THE TASK:
The whole listing below should be retyped exactly, without any images.

RAW DATA:
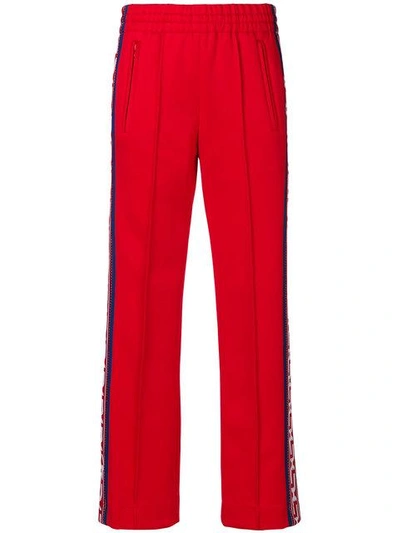 Shop Marc Jacobs Tailored Sweatpants In Red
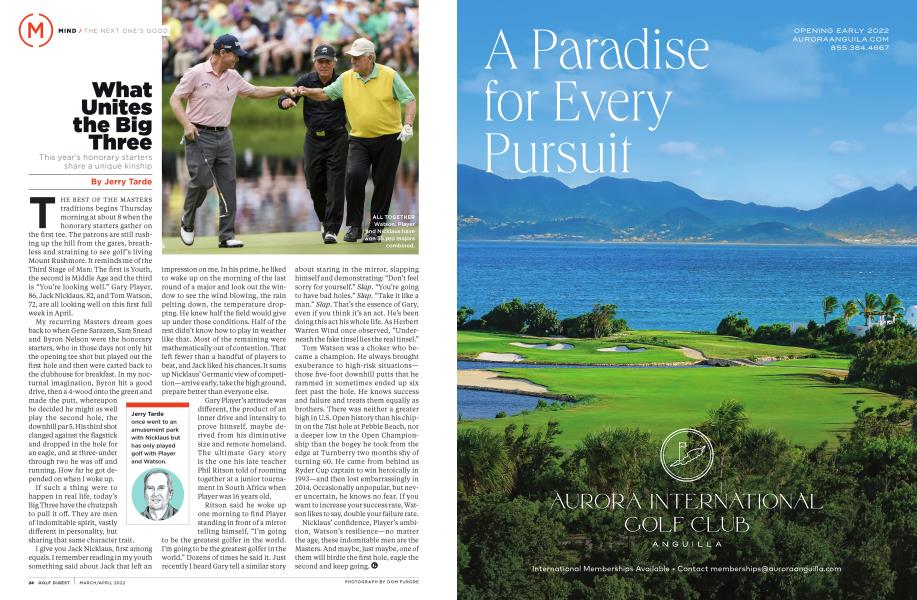 What Unites the Big Three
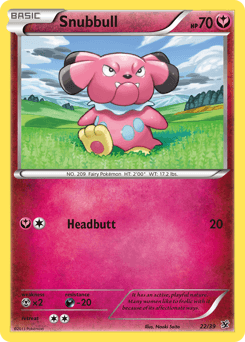 Snubbull 22/39 — Kalos Starter Set
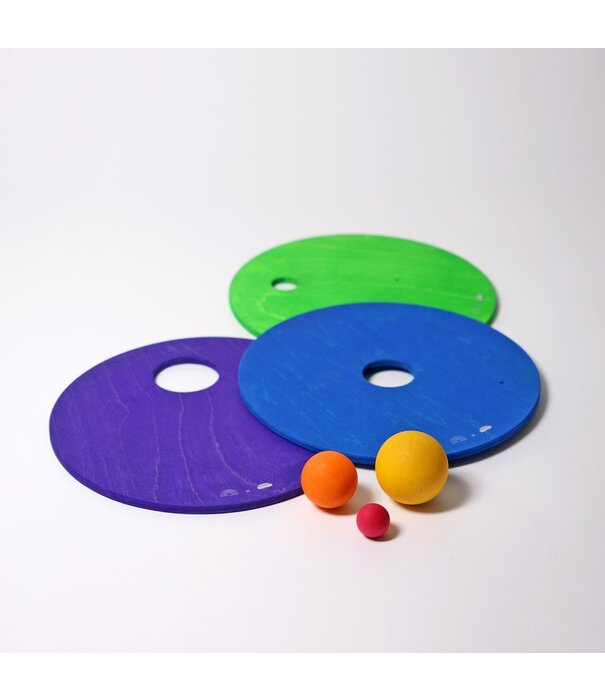 Grimm's  GRIMM'S x Stapelstein Rolling Discs Sets - Regenboog (6-delig)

ANSWER AREA:
 Shop Marc Jacobs Tailored Sweatpants In Red
 What Unites the Big Three
 Snubbull 22/39 — Kalos Starter Set
 Grimm's  GRIMM'S x Stapelstein Rolling Discs Sets - Regenboog (6-delig)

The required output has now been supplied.